Normal de ne?– Şebnem Korur Fincancı
“Kademeli Normalleşme Tedbirleri Genelgesi” 16.05.2021 tarihinde yayımlandı. Kim tarafından, elbette İçişleri Bakanlığı… Salgının başından beri bu salgınla mücadele değil bir idare etme daha doğrusu idare de edememe halinin en temel göstergesi İçişleri Bakanlığı genelgeleridir. Salgın bir güvenlik değil, sağlık sorunu. E o zaman sağlık sorununda atılacak adımları, alınması gereken önlemleri Sağlık Bakanlığının duyurması gerekir, değil mi? Sağlık Bakanlığı tüm Türkiye’nin artık kuşku duyduğu turkuaz tablo sayıları, aşı geldi ama kaç tane söylemem edaları, sayıları bilip de ne yapacağımız sorgulamaları ile oyalanırken, güvenlik salgının orta yerine yerleşti. Yaşa dayalı ayrımcılık kademe dinlemeyip gene sürdürülürken, vazgeçemedikleri tüccarlık ruhu AVM’lerden sızıyor apar topar yayından kaldırdıkları reklam filmlerinde insanlık adına utancımız oluyor.
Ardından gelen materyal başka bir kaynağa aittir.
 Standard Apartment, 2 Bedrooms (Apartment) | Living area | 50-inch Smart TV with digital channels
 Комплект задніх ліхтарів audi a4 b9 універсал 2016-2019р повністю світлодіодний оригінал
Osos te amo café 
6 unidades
Yaşam hakkımız, sağlıklı yaşama hakkımız ihlal ediliyor. Bu hastalık için tedavi edici etkisi olmadığı bilinen, Türk Tabipleri Birliğince bir senedir uyarılarla ekipler tarafından dağıtımının durdurulması talep edilen ilacın kullanımını 14 aydır sürdüren Sağlık Bakanlığının salgına ilişkin verileri paylaşmaması da dahil salgınla mücadele etmem sorumluluğunu ortadan kaldırmıyor elbette öneri ve karar karşılaştırmasında çıkacak sonuç, ancak tüm sorumluları tek tek ortaya koyup tarihe not düşmekte fayda var.
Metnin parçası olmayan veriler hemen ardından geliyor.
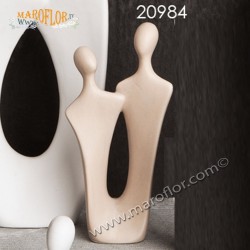 Bomboniera Claraluna CL20984 Coppia Sposi Fidanzati Tortora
Sağlık Bakanlığı bu salgında yaş, cinsiyet gibi verileri paylaşmasa da TTB olarak derlemeye çaba gösterdiğimiz sağlık çalışanı ölümlerine baktığımızda özellikle işçi statüsünde çalışanların yaş ortalamasının düşük olduğunu görüyoruz. İşçilerin tümünün benzer bir yaş dağılımı olduğu da malum. Geçtiğimiz yıl içinde iş cinayetinde ölen her üç işçinin biri COVID19’dan ölmüş, ölümlerin en yüksek olduğu yaş aralığı da 28-50. O halde önceliklendirmelerin de salgın verileri dikkate alınarak yapılmadığı ortaya çıkıyor.